Some signs of overwatered plants are:
1. No new growth is showing, or new leaves are turning brown 2. The lowest leaves are yellow 3. Plants look wilted 4. Roots will be rotting or stunted, exuding a rotting smell. 5. Soil can appear the color of algae. 6. Twig die-back can occur.
Your plants can still grow and thrive, even in periods of too much rain. Monitor you landscape thoroughly and watch for specific problems;
1. Add soil amendments to improve drainage. Good organic amendments for garden soils include wood by-products such as sawdust and bark mulch, peat moss, rotted manure, grass or wheat straw and compost. Inorganic amendments include pumice, perlite, and vermiculite. Rotor-till any amendment into garden soil – when dry only.

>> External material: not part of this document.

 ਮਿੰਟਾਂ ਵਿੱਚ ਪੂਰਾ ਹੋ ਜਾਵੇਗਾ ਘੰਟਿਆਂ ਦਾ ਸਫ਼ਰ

2. Address drainage problems as quickly as possible to save stress on your plants. If necessary contact a certified Landscaper, who has experience with drainage problems in your area, to help with correcting drainage problems. 3. Be sure water is not left standing at any time of the year.
4. Watch summer irrigation levels carefully. 5. Make sure all areas of your landscape completely dry out during dry periods 6. Do not to install new plants when the soil is too wet. Squeeze a handful of soil and if you get a drip out of it, like a wet sponge and it compresses together instead of crumbling, it is to wet to plant or disturb the soil.